▶ [Entries provided]:
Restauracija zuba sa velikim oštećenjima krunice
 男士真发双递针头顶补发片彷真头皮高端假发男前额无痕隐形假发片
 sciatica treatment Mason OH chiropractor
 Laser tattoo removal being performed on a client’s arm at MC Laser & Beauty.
...
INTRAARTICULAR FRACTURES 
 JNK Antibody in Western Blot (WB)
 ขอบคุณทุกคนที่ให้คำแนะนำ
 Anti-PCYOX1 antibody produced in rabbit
--
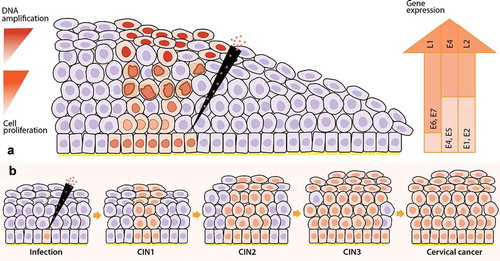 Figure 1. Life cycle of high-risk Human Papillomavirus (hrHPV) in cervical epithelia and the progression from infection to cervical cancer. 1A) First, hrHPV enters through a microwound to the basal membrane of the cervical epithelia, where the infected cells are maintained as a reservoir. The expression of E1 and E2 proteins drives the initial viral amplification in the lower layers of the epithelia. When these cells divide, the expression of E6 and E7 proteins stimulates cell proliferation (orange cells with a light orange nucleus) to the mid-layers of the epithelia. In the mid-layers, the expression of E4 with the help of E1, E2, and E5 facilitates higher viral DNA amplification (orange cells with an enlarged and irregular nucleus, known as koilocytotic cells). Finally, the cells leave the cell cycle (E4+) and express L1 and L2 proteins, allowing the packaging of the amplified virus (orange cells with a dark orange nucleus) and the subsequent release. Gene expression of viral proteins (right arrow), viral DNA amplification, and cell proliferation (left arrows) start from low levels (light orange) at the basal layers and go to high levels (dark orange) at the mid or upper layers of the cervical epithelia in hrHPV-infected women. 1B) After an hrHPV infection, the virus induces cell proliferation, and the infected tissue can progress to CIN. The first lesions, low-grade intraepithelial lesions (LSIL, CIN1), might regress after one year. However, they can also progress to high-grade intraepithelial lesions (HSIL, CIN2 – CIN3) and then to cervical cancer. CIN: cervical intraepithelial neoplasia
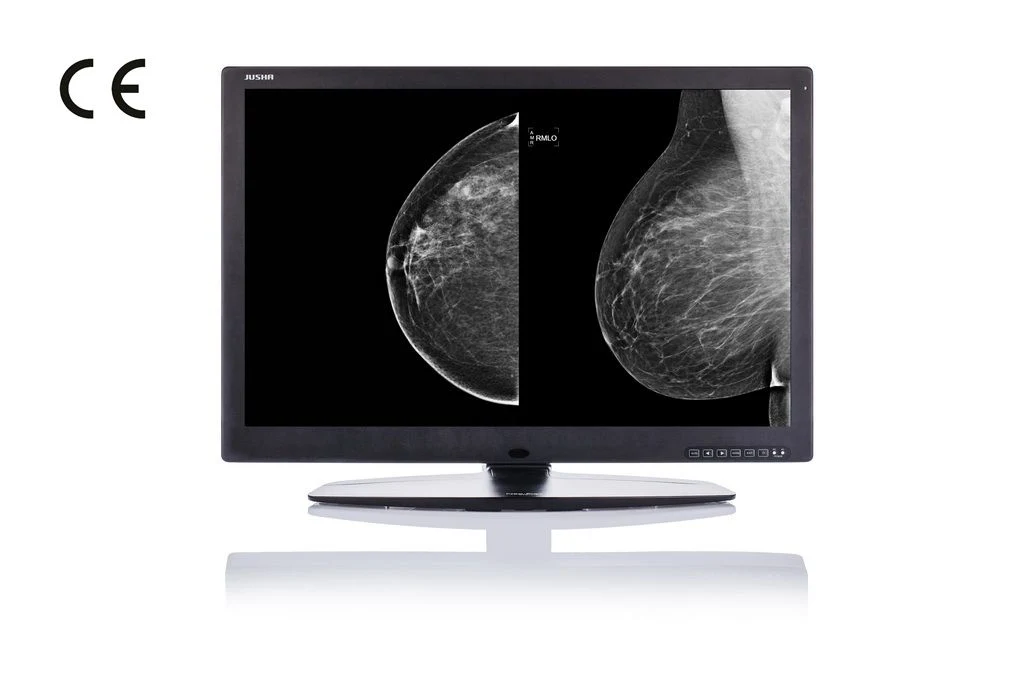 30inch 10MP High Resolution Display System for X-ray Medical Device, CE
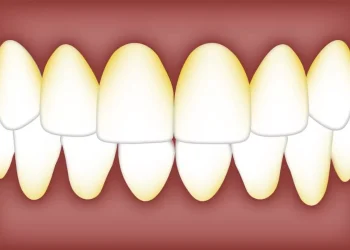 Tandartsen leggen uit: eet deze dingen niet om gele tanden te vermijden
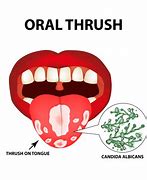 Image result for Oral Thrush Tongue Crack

▶ [Work to be completed]:
Using the data above, transcribe the lines that run from the line with "Restauracija zuba sa" to the line with "Laser tattoo removal", both ends kept, and output nothing else.

▶ [Exercise output]:
Restauracija zuba sa velikim oštećenjima krunice
 男士真发双递针头顶补发片彷真头皮高端假发男前额无痕隐形假发片
 sciatica treatment Mason OH chiropractor
 Laser tattoo removal being performed on a client’s arm at MC Laser & Beauty.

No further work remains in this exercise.